Im Laufe des Forschungsprojektes ertüchtigten die Projektpartner einen herkömmlichen FFF-3D-Drucker zu einem AME-Drucker und erforschen den neuen Prozess. Beim AME-Verfahren wird in jeder Druckschicht erst eine Hülle aus Thermoplast gedruckt, in die anschließend Kautschuk gedruckt wird. Dadurch ist der Kautschuk gegen Verfließen gesichert (Bild 1). Im Projekt ist das ITA schwerpunktmäßig für den Entwicklungsprozess des 3D-Druckers und die Steuerung des Druckprozesses mittels G-Code verantwortlich. Das DIK befasst sich mit der Werkstoffauswahl, -herstellung und -prüfung.

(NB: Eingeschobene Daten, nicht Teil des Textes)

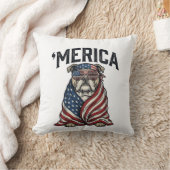 Coussin Patriotic Bulldog 'Merica Vintage Vector Shirt Des (Couverture)
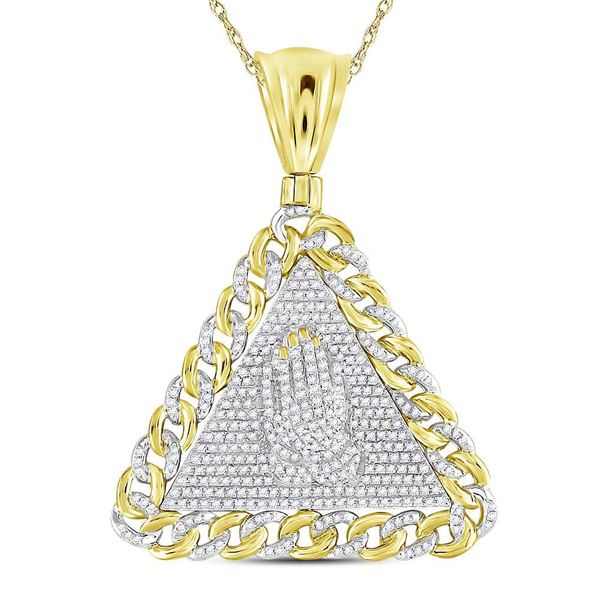 Mens Diamond Praying Hands Triangle Charm Pendant 1 Cttw 10kt Yellow Gold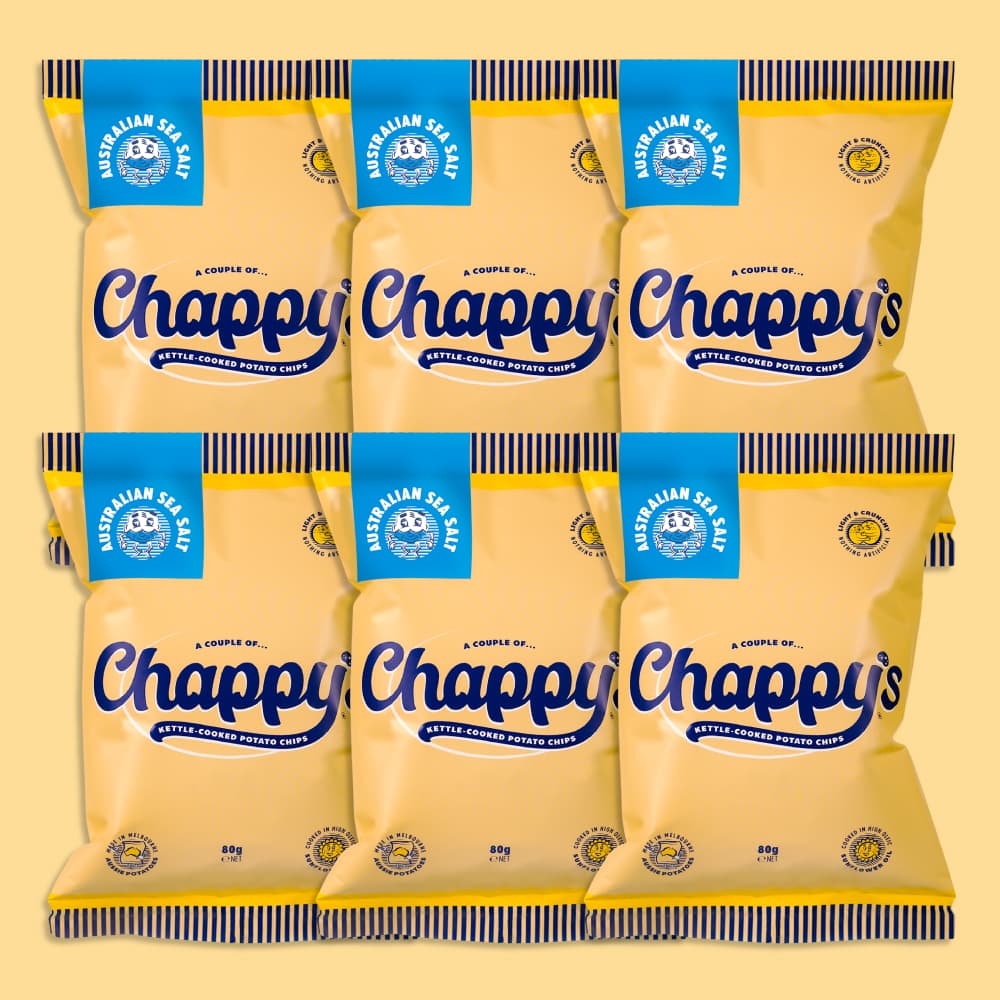 A collection of Chappy's potato chip bags in yellow and Sea Salt blue packaging, arranged in a grid pattern.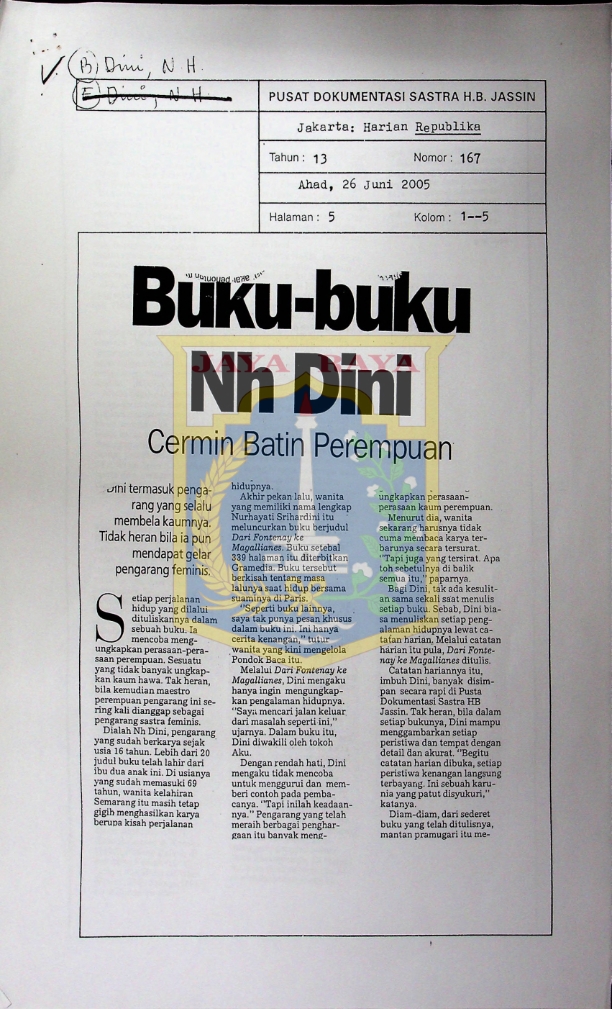 Buku buku Nh Dini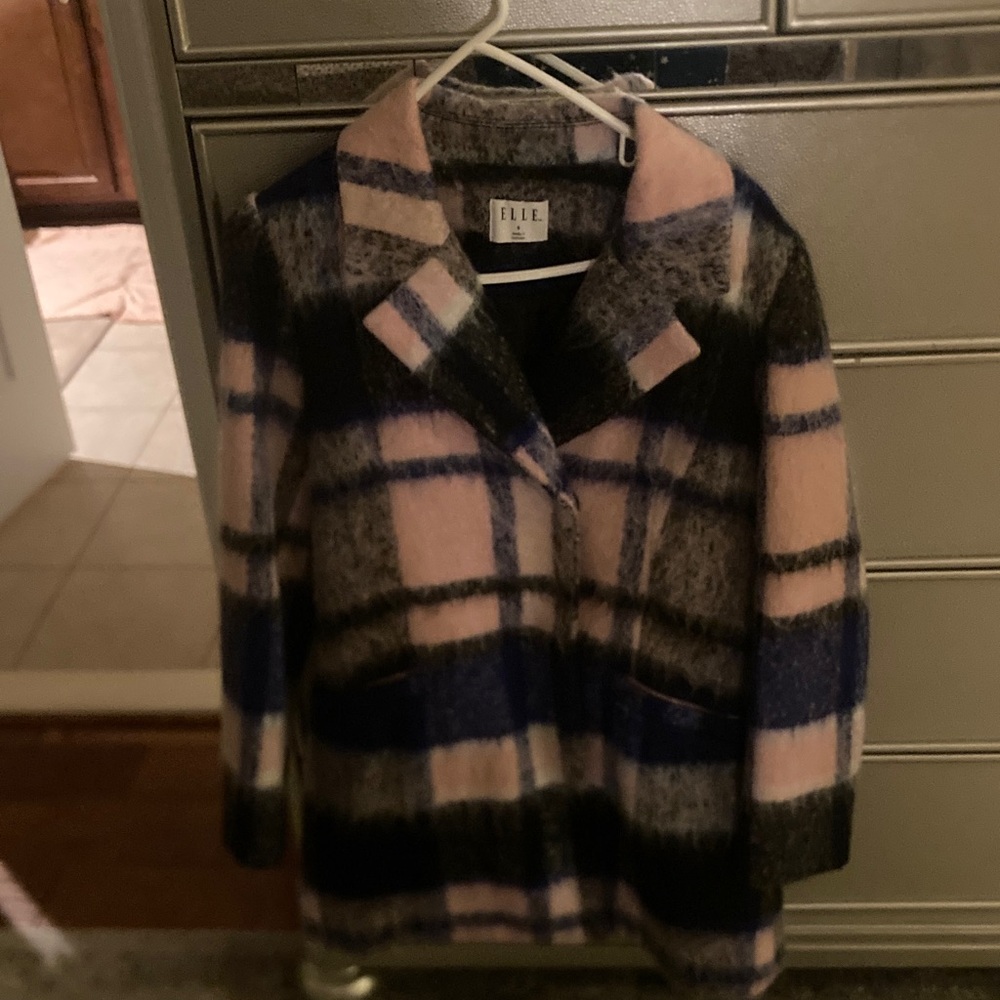 Elle Women's Plaid Pea Coat in Pink and Blue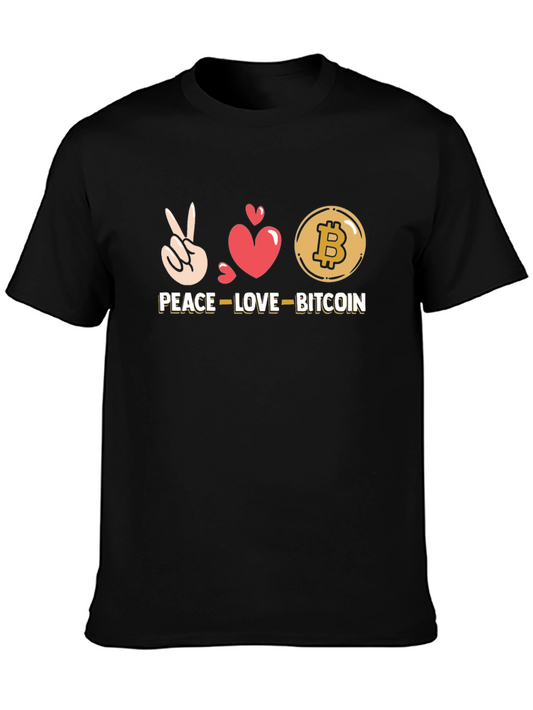 Peace Love Bitcoin Black T-Shirt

Entwicklung des AME-Druckers
Der entwickelte Kautschuk-3D-Drucker (Bild 2) besteht aus einem handelsüblichen FFF-3D-Drucker der Firma BZT Maschinenbau GmbH und einem Miniatur-Doppelschneckenextruder der Schweizer Firma Three-Tec GmbH. Der Extruder ist notwendig, da Kautschuk nicht wie thermoplastisches Material aufgeschmolzen werden kann. Der Drucker verfügt über einen Arbeitsbereich von 500 mm × 500 mm × 250 mm und ist mit zwei Thermoplastdruckköpfen ausgestattet, die ursprünglich einen seriellen Druck von zwei verschieden thermoplastischen Materialien ermöglichten.
Der Doppelschneckenextruder, der circa 12 kg wiegt, wurde möglichst nah an die verfahrbaren Achsen montiert. Er nimmt damit den Platz der ursprünglichen Thermoplastdruckköpfe ein, die wiederum vor den Extruder montiert wurden. Somit ist der Schwerpunkt unmittelbar an den Achsen. Die Steuerung des Extruders wurde in die bereits vorhandene Steuerung des 3D-Druckers integriert. An der Steuerung des Extruders wird lediglich die Drehzahl und damit der Durchsatz für den Extruder hinterlegt. Die Steuerung des 3D-Druckers steuert schließlich, ob der Extruder oder der Thermoplastdruckkopf einen Druckbefehl erhält und gibt den Verfahrweg vor.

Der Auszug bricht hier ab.